In the above-described control methods, a current being consumed by the pump 300 is measured to determine the status of the pump and, based on the measured current, operation of the pump 300 is controlled accordingly. It may be sufficient to take one sample current measurement during pump operation in order to implement the respective control method. Alternatively, in an optional embodiment, a plurality of current measurements may be taken within a predetermined period of time. For example, in the first control method described above, at step S2, during the start-test period where the pump 300 is initially powered, the current I_m drawn by the pump 300 may be measured a plurality of times instead of just once. The pump controller may then sum the current measurements and divide by the number of current measurement events to obtain an average measured current value I_m.

An advantage of the above-described method of obtaining an average measured current value is that it helps avoid anomalies in current measurement, for example if one measurement was erroneously high or low, the error would largely be cancelled out by the averaging process of the subsequent correct current measurements. This therefore helps to compensate for discrepancies in the current readings taken. Furthermore, in a method where a pwm voltage is supplied to the pump, the method of obtaining an average measured current value helps smooth out variations in the current measurements which could occur depending on what point in the pwm voltage supply signal the individual current measurements are taken.

The number of individual current measurements taken in each sample period may vary within the scope of the invention, and may vary depending on the sample period and on the form of pwm voltage provided to the pump 300. Example numbers of individual current measurements taken in each sample period may be between 2 and 15, and may be between 3 and 10, and may be 5 samples.

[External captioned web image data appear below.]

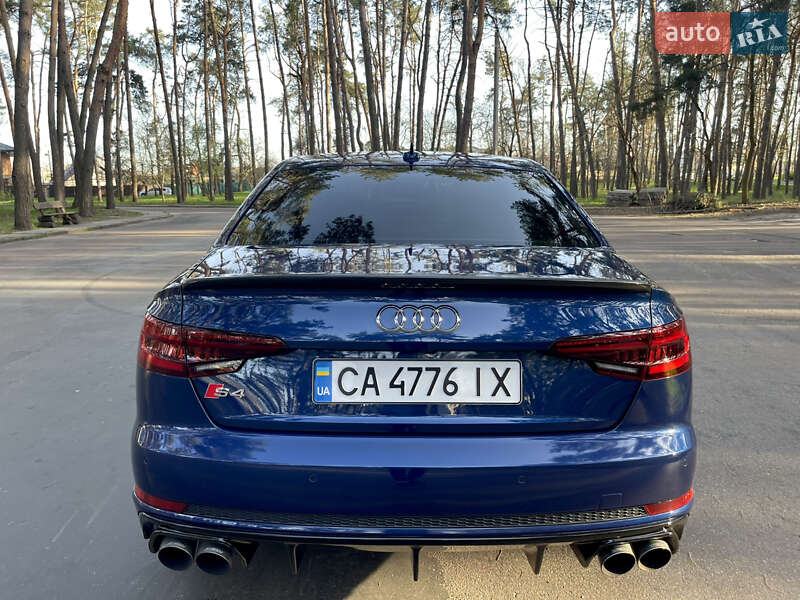 Седан Audi A4 2017 в Киеве
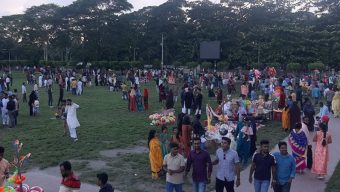 বরিশালে ঈদের ছুটিতে বিনোদনকেন্দ্রে মানুষের ঢল
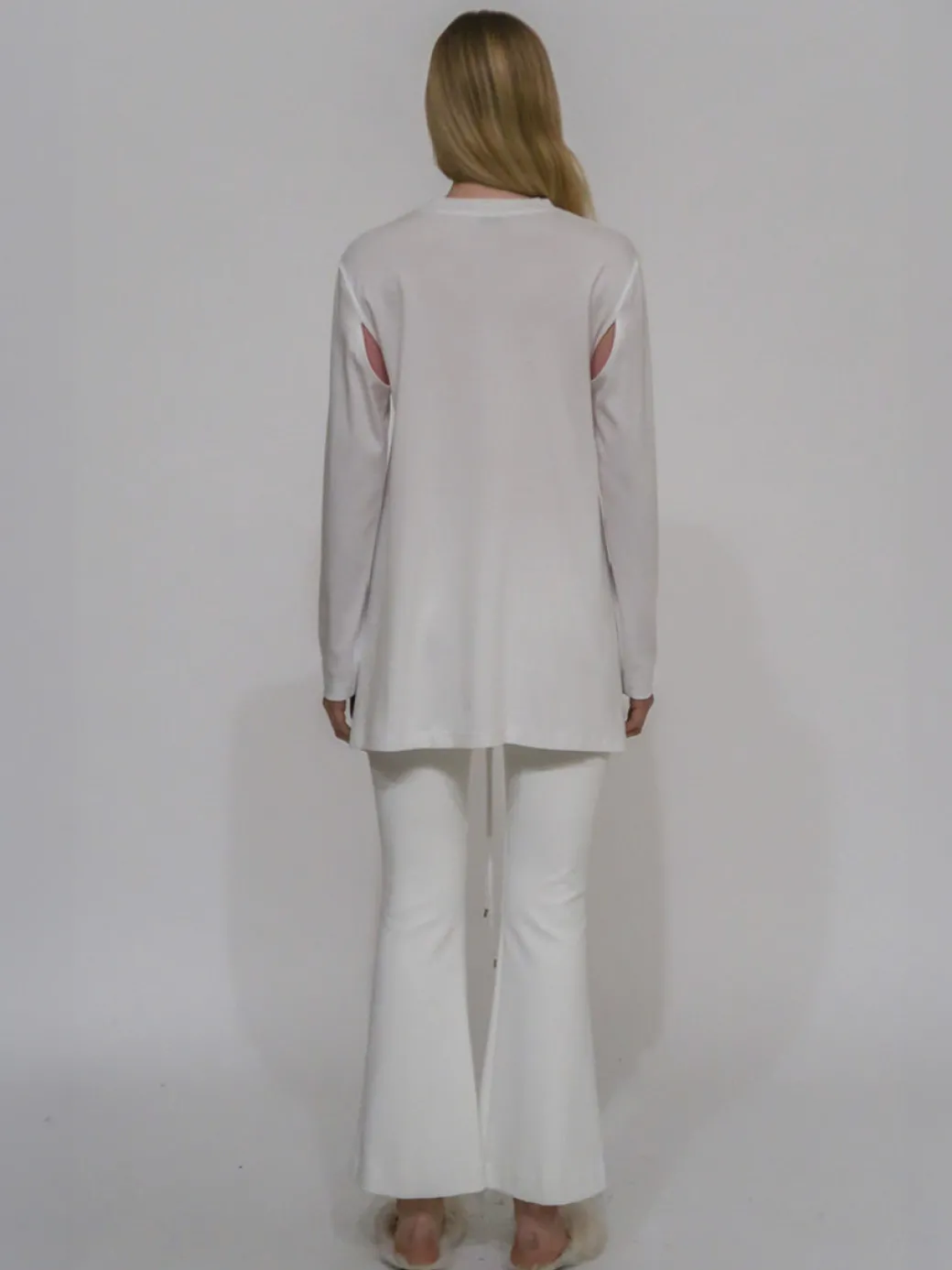 APRON CUTOUT T-SHIRT TOP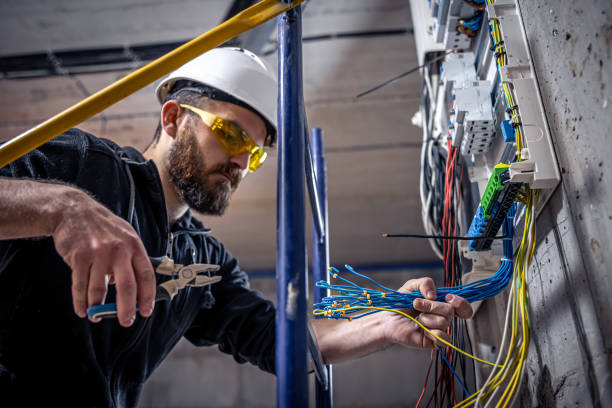 Best Local Electrician Companies  in East Troy, WI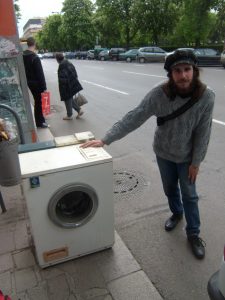 Контакти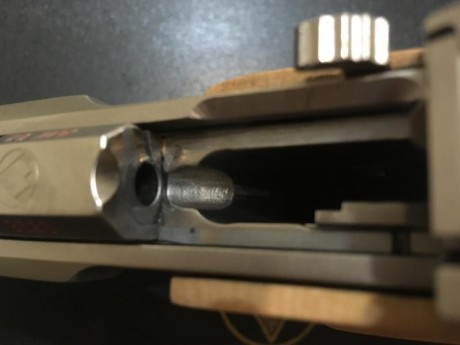 Se vende pistola feinwerkbau aw 93, calibre 22 lr, prácticamente nueva, poco uso, soy el segundo dueño 40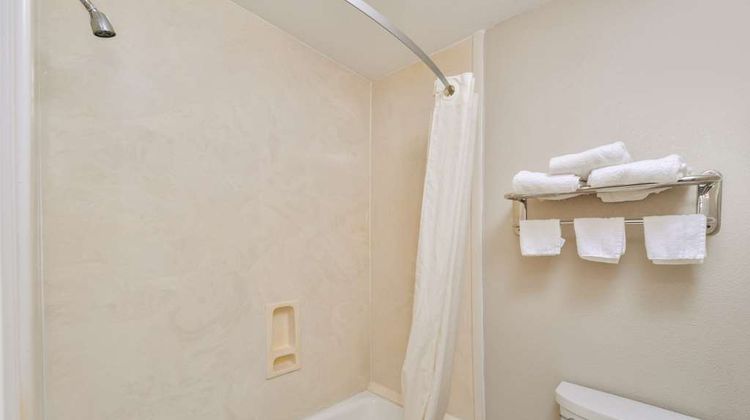 Americas Best Value Inn Pasadena Room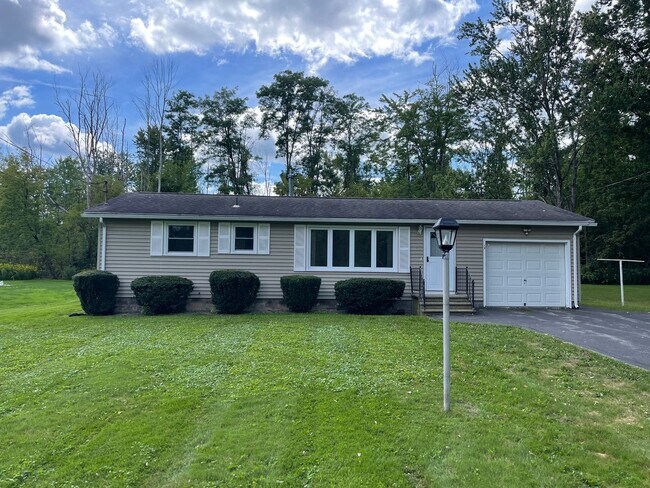 Photo - 5894 McKinley Rd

Although the method of obtaining an average measured current value is described above in the context of the first control method, it will be appreciated that such a current sampling method may be applied to any of the control methods or algorithms involving pump current measurement described herein.

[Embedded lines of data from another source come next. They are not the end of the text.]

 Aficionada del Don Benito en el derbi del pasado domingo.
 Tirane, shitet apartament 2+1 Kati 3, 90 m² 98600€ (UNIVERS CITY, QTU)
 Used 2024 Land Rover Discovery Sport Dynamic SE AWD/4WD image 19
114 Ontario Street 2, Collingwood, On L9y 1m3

In a variant of the fourth arrangement, if it is determined that the measured current is greater than the upper alert threshold value I_a1, it may be concluded that there is a blockage in the pipelines and it may be desirable to attempt to operate the pump to dislodge a blockage before then determining whether to stop operation of the pump or to continue to power the pump in a condensate pumping mode. Such additional function could be provided both during operation of the pump in a condensate pumping mode, and/or as part of the start-up test method described above.

Such a variant of the fourth arrangement is illustrated by the optional method steps shown in broken lines in FIG. 11. Here, at step S22, if it is determined that the measured current I_m is above the alert threshold value I_a1, the pump controller instead proceeds to a step S25 where the controller operates the pump in a clearance mode for a predetermined clearance period.

Then, at step S26, the controller may revert to operating the pump in a condensate pumping mode and measures the current I_m being drawn by the pump 300. At step S27, the controller compares the measured current I_m with a predetermined upper alert threshold current value I_a1. At this stage, if the measured current value I_m is below the predetermined upper alert threshold current value I_a1, it is determined that the blockage has been cleared, it is safe to operate the pump, and the method reverts to step S20 to operate the pump in a condensate pumping mode. However, if at step S27 the measured current value I_m is greater than the predetermined upper alert threshold current value I_a1, it is determined that the blockage has not been cleared, and so operation of the pump should not continue. Therefore, the method reverts to step S24 at which the pump is stopped, and other operations described above are conducted.

In the above method, the controller may control the pump to operate in a condensate pumping mode after operating the pump for the clearance period in the clearance mode (at step S25), and before the current is measured again (at step S26). Therefore, the current may be measured when the pump is operating in the condensate pumping mode to obtain a current value for comparison with an upper alert threshold current value I_a1. Alternatively, the controller may measure the current value towards or at the end of the clearance period while the pump is operating in the clearance mode (at step S25). The current measured whilst the pump is operating in the clearance mode may be compared to a predetermined upper clearance mode alert threshold current value I_cma1 which may be different to the predetermined upper alert threshold current value I_a1 that the measured current value is compared to when the pump is operating in the condensate pumping mode. The predetermined upper clearance mode alert threshold current value I_cma1 may be a higher current value than the predetermined upper alert threshold current value I_a1.

The clearance period may be a predetermined period of time, for example between 1 second and 20 seconds, or between 1 second and 10 seconds, or between 1 second and 5 seconds.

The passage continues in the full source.